▶ [What you need to do]: From the data below, return the exact lines starting at the line containing "To explain how to" and ending at the line containing "For example, let's", both included, and nothing else.

▶ [Records to process]:

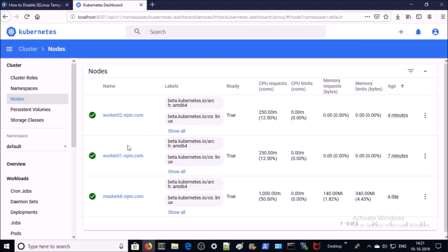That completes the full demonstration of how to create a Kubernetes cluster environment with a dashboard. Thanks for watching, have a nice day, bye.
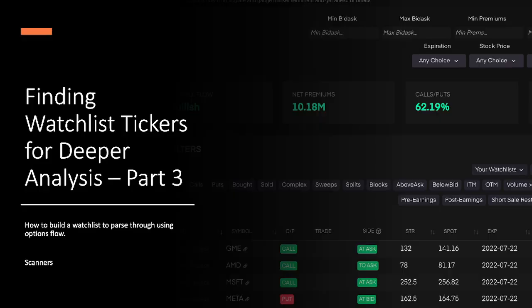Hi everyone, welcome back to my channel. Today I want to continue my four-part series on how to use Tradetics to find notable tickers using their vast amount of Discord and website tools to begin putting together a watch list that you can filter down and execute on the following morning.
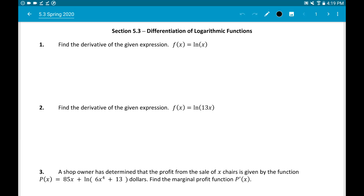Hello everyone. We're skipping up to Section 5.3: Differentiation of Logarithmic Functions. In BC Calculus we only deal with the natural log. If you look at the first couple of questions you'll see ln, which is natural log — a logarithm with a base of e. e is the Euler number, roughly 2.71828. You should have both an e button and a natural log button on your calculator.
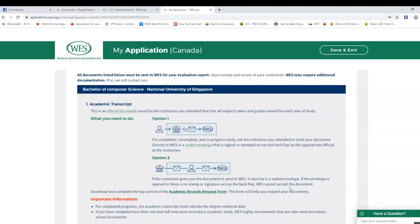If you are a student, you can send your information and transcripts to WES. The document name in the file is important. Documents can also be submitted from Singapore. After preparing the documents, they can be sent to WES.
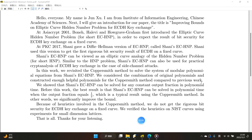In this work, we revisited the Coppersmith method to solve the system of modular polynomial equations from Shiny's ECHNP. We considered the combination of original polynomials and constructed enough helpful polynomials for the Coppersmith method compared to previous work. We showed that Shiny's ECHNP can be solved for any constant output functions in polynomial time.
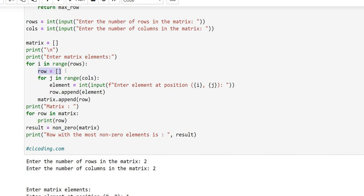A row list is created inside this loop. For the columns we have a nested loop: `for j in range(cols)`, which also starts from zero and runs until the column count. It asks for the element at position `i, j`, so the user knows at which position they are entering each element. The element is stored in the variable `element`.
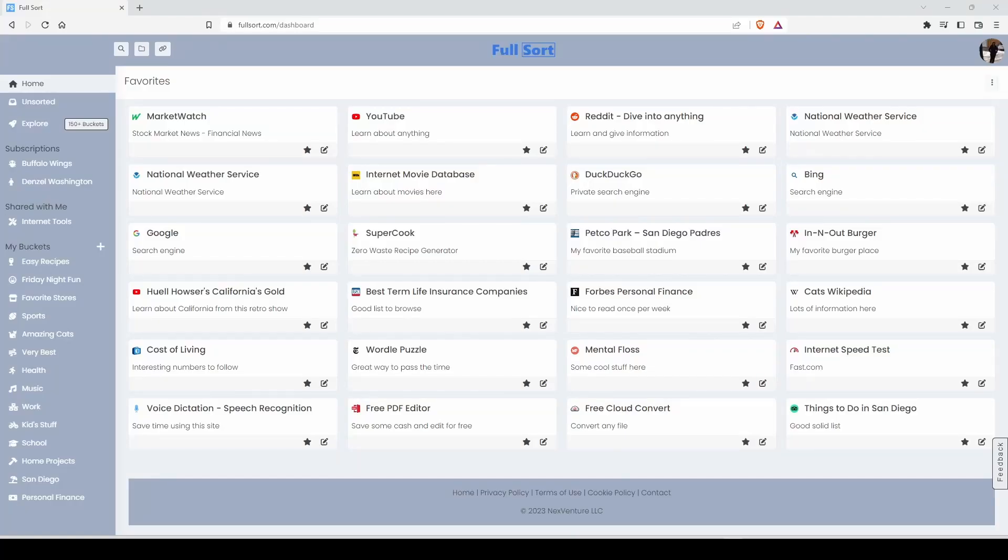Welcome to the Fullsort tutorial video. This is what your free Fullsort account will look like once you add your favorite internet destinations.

--

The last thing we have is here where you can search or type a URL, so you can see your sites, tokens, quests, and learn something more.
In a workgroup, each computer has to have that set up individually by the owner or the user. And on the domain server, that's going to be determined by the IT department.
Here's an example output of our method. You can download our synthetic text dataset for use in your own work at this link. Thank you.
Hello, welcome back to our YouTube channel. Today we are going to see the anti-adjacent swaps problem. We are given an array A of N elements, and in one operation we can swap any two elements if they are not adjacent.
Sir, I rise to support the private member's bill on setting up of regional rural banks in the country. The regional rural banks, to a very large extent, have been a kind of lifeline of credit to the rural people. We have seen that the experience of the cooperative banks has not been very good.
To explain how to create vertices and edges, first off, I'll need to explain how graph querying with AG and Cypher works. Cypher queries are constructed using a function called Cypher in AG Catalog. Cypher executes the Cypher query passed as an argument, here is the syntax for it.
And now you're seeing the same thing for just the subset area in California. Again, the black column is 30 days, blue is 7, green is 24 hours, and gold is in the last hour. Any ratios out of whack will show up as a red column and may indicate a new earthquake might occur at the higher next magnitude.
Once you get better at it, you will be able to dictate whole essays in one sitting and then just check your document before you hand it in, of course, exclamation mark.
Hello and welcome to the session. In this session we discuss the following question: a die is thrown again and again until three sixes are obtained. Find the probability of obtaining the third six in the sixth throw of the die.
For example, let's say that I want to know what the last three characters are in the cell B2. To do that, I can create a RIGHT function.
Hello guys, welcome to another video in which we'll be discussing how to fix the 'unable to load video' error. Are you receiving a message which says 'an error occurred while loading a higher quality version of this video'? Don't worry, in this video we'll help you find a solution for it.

▶ [Response]:
To explain how to create vertices and edges, first off, I'll need to explain how graph querying with AG and Cypher works. Cypher queries are constructed using a function called Cypher in AG Catalog. Cypher executes the Cypher query passed as an argument, here is the syntax for it.
And now you're seeing the same thing for just the subset area in California. Again, the black column is 30 days, blue is 7, green is 24 hours, and gold is in the last hour. Any ratios out of whack will show up as a red column and may indicate a new earthquake might occur at the higher next magnitude.
Once you get better at it, you will be able to dictate whole essays in one sitting and then just check your document before you hand it in, of course, exclamation mark.
Hello and welcome to the session. In this session we discuss the following question: a die is thrown again and again until three sixes are obtained. Find the probability of obtaining the third six in the sixth throw of the die.
For example, let's say that I want to know what the last three characters are in the cell B2. To do that, I can create a RIGHT function.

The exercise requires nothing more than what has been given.